二 中、(二)、(五)は認めるが、その余の事実は否認。その余は争う。
第二 原告の予備的主張
(一) 請求原因第四項(二)萩原郁の慰藉料金二〇〇万円がかりに認められない場合は、(四)原告両名の慰藉料各金五〇万円合計金一〇〇万円とあるのを、(四)原告両名の慰藉料各金一五〇万円合計金三〇〇万円の拡張をして主張する。
(二) 被告株式会社まるあ運輸商会及び被告森克は、被告の過失はすくない旨主張するが事実に反する。
被告小笠原桂純は、本件現場付近で停止中、全く左右前方を注視せず、悠然と煙草に火をつけ、青信号になると同時に漫然と発車し、訴外萩原郁に自車を衝突させたことにも気付かずそのまま進行しようとしたところ、対向車の運転手訴外三浦武志に声をかけられて停車したものである。
従つて、被告小笠原は全く前方注視、安全確認の義務を怠つて進行したものであつて、訴外萩原郁にはなんらの過失はない。
また、被告は被害者の監護者たる原告両名の過失を主張している。
被害者は責任能力がないとしても、被害者自身に過失が認められない以上、監護者に対する監護責任の生ずる余地はない。
本件事故現場は横断歩道はないが信号機による交通整理が行われている場所であつて、信号機の表示を遵守して歩行者が通行し、車両もこの表示に従つているならば、事故の起りえない場所である。
本件事故は被告小笠原が進行方向の信号機が青色に変る直前、左右前方に注視せず、悠然と煙草に火をつけていたため、横断中の被害者萩原郁、萩原良子の両名のいづれにも気が付かず、青信号に変ると同時に発車したため、本件事故を惹起したものである。
被告小笠原が運転者として遵守すべき安全運転義務(道交法七〇条)をごく普通に心がけてさえいれば、つれだつていた子供二名は容易に確認できたものである。
又、本件事故現場の道路は幅員一四・六米であり、事故は渡りきる五米前に発生したものであること、子供の歩行速度、青色に表示が変つた直後の事故である等を併せ考えると、被害者が本件通路を渡り始めたのは信号機が青色を表示していたときであつたことが推認される。
してみると、本件事故は被告小笠原の安全確認、前方注視義務違反から生じたものであり、被害者には責められるべき過失はない。
本来監督者の責任は、客観的には無能力者に過失が認められても、責任能力がないため責任を問いえない場合において、その過失責任を監督者が負うものであり、無能力者に責任能力以外の不法行為の要件をみたすなにものもなく、なんら責めらるべきものがない場合には、監督者の責任を問うことはできないものである。
かように解さなければ、監督者責任は無過失責任となつてしまうのである。
従つて、本件事故のように被害者に過失が認められない場合には、監督者責任の生ずる余地はない。
(三) 被告森克個人の監督者責任について
被告森克が被告会社の代表者であること、被告会社が被告森の個人会社であり、貨物運送業を営んでいることは自認しているところである。
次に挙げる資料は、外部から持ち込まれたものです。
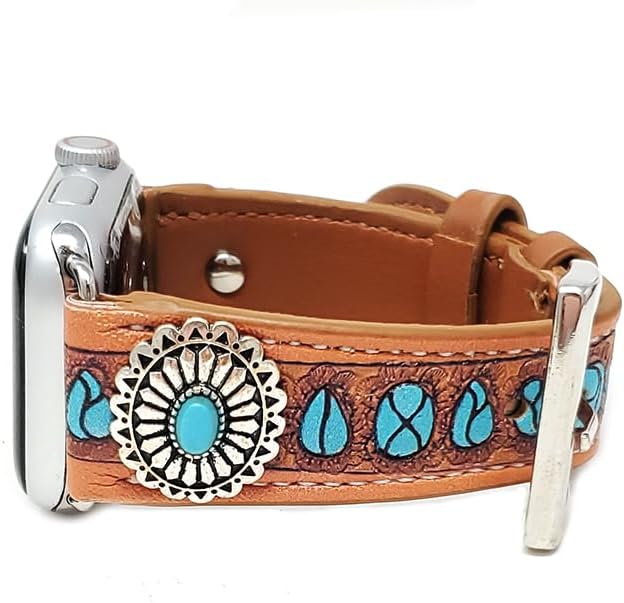 Compatible with Apple Watch Brown Leather Band 38/40 mm Western Boho Squash Blosssom (Turqouise) - Image 3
昭和四二年当時の従業員は約三〇名、運転手は約二五名程度の小企業である。
個人会社であり貨物運送の小企業としては、運転手はまさに会社の中枢であつて、運転手の事故率いかんは会社の存亡にかかるものといつて過言ではない。にもかかわらず、被告森は自ら被告小笠原と面接することなく雇入れていること、前歴調査を徹底的に行つていなかつたこと等の事実は、被告森が被告小笠原を選任するについて過失があつたものと認めることができる。
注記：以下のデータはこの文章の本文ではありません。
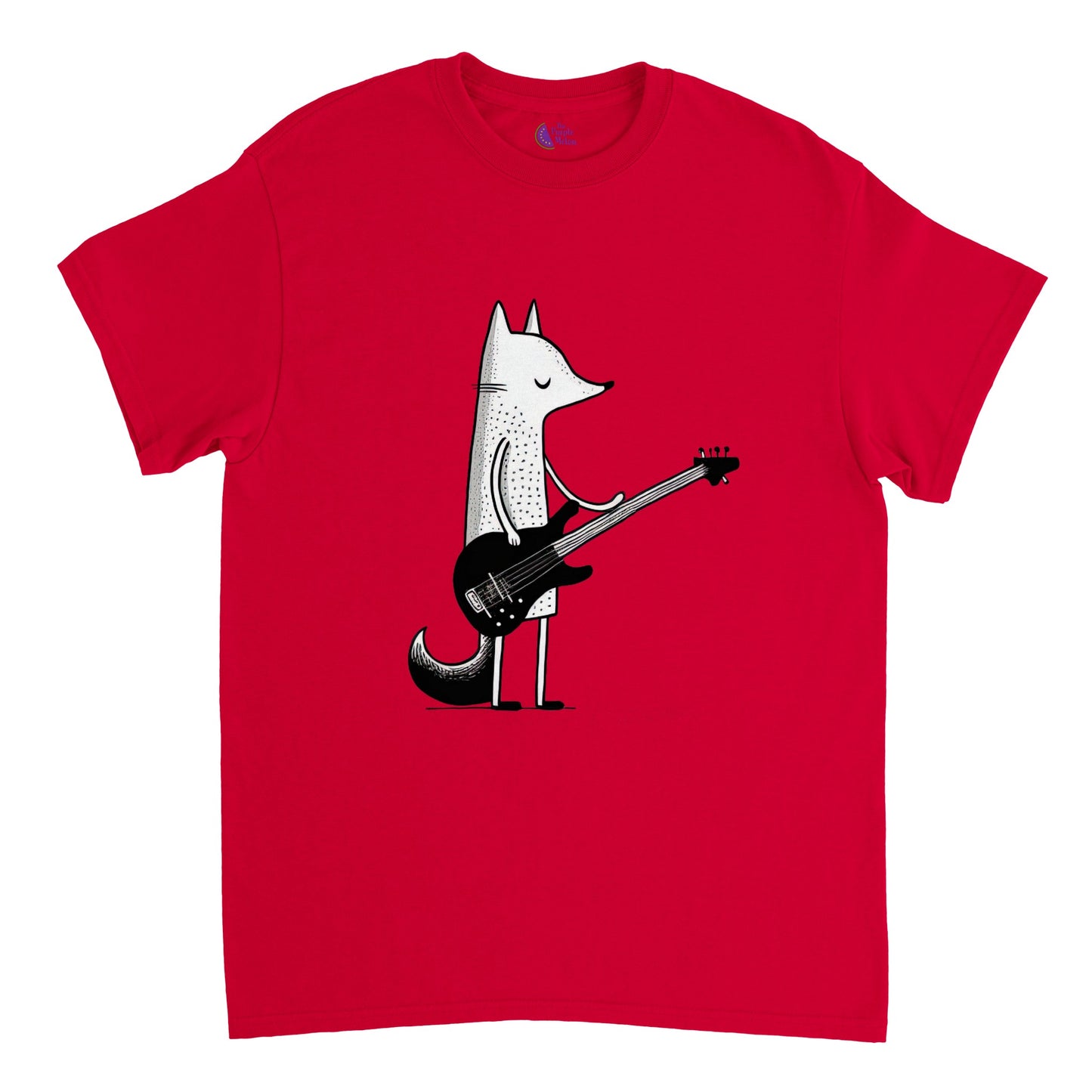 red t-shirt with a fox playing the bass guiutar print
更にすすんで、本件事故車両の行先である協同飼料株式会社は被告会社の取引の九〇パーセント以上をしめる得意先であり、被告小笠原は殆ど右会社の飼料運搬に従事していたものである。
被告小笠原は進行経路を熟知しており、被告森は右事情からすると、右経路の交通事情を予知していたことが考えられるから、被告小笠原に対し充分説明、注意をなす等細心の努力を払うべきであつたのに、これを怠つていることは監督について義務違反があると認められる。
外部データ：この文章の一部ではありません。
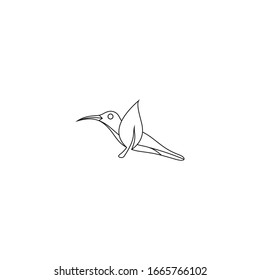 bird logo hipster vintage retro vector line outline monoline art icon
従つて選任、監督いづれの点からみても、被告森には過失があり、監督責任を負うべきものである。
第三 原告の請求の拡張にかかわる債権に対する被告の消滅時効の抗弁に対しては、
被告の消滅時効の抗弁は否認する。
原告両名は本訴提起によつて、本件事故に基く不法行為を原因として、亡訴外萩原郁が蒙つた経済上ならびに精神上の損害賠償請求権の相続債権及び原告両名自身の精神上の損害賠償請求権を行使しているものである。
即ち本件事故に基く損害の全部について請求する趣旨で提起したものである。
本件請求の趣旨の拡張は、右請求権のうち主として原告両名自身の慰藉料額を拡張したものにすぎず、既に行使している請求権と別個の性質を有する新たな請求権を行使するものではない。このような場合には、訴提起により損害賠償請求権の全体について時効中断の効力が生ずると解すべきであつて、拡張部分だけが独立して消滅時効にかかるものではないと考えるべきである(広島地判昭四四・一・二八判例時報五六七号六四頁、大高判昭四四・五・一五判例タイムス〔編注:原文ママ 「判例タイムズ」と思われる〕二三五号、大地判昭二七・八・二〇判例タイムス〔編注:原文ママ 「判例タイムズ」と思われる〕二八号)。
けだし、不法行為(交通事故)の結果発生すべき損害額は、証拠調の結果及び交通事故裁判例の確定的判例の集積等によつて始めてその債権額を確知できる場合が少くないのみならず、賠償額は増加をたどるのが判例の傾向であるから、審理の途中において請求金額を拡張する必要がおこりうるのは当然のことである。
原告両名は訴提起により自己の有する損害賠償請求権のすべてを請求したものであり、同一の損害賠償請求権であるかぎり、のちに請求の拡張をした部分についても「裁判上の請求」がされたものと考えるべきである。このように解釈しても時効制度の本来の趣旨に反することはありえない。のみならず、かえつて被害者の公平な保護をはかる目的に合致するものである。